Bekasi Mayor Rachmat said the local government has checked that the church’s building permit is valid. Therefore, there is no reason to stop construction, he said.
He said people who claimed there were irregularities in collecting signatures from the local community — a requirement to secure a construction permit for a house of worship — are welcome to report them to the police.
Rachmat, who recently received an award from the Human Rights Commission (Komnas HAM) for his firm stance in ensuring religious freedom in Bekasi, said according to a Religious Affairs Ministry regulation a “house of worship is a public need.” “Then it’s the job of the local government to help build it. Everyone should be able to exercise their right [to worship],” he added.
“No one can force or frighten me. I only follow the law,” the mayor said.

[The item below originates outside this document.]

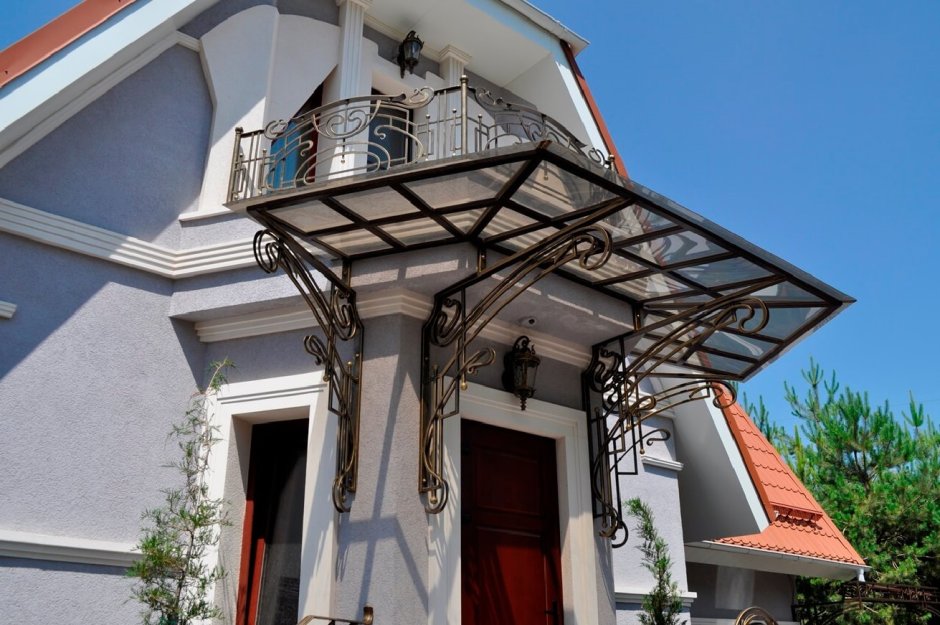Навес над балконом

The church is located north of Bekasi and has been the target of protests as some in the local community have accused the developer of obtaining the building permit in June 2015 using fake identity cards.
A building permit for houses of worship in Indonesia requires local community approval. The developer must collect signatures of residents living in the surrounding area and copies of their ID cards, or KTP.

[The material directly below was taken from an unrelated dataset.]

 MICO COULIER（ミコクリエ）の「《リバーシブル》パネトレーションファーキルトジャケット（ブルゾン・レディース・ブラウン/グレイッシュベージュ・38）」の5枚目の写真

“This is going to be a very big church. It could rise up to three floors. This really hurts the Muslim community. Why would a minority group build such a big church?” Iman Faturohman, an MSUIB coordinator said on Friday.
“How come I never heard any complaint from the local Muslim community? Did they really agree to the Santa Clara Church construction? Something doesn’t seem right,” he said.

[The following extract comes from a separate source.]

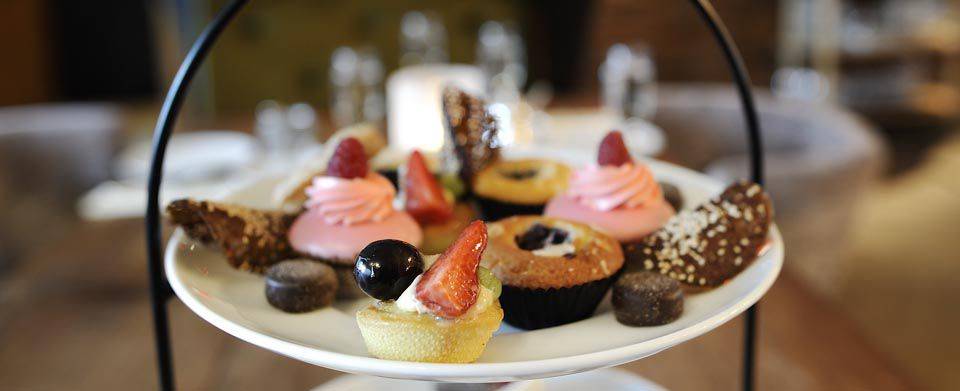 Cobblestone Village Café & Interiors | cafe | 10 N Main St unit b, Waynesville, OH 45068, USA | 5138970021 OR +1 513-897-0021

Even though Indonesia officially recognizes six religions, sometimes believers of religions other than Islam find it difficult to build their house of worship. Plans to build churches are often rejected as Christians are seen as a threat by hardline Muslim groups.
These hardline groups are a minority in Muslim-majority Indonesia. Most Muslims in the country adhere to the official state philosophy of Pancasila, or the five tenets, which promote unity in diversity and religious tolerance.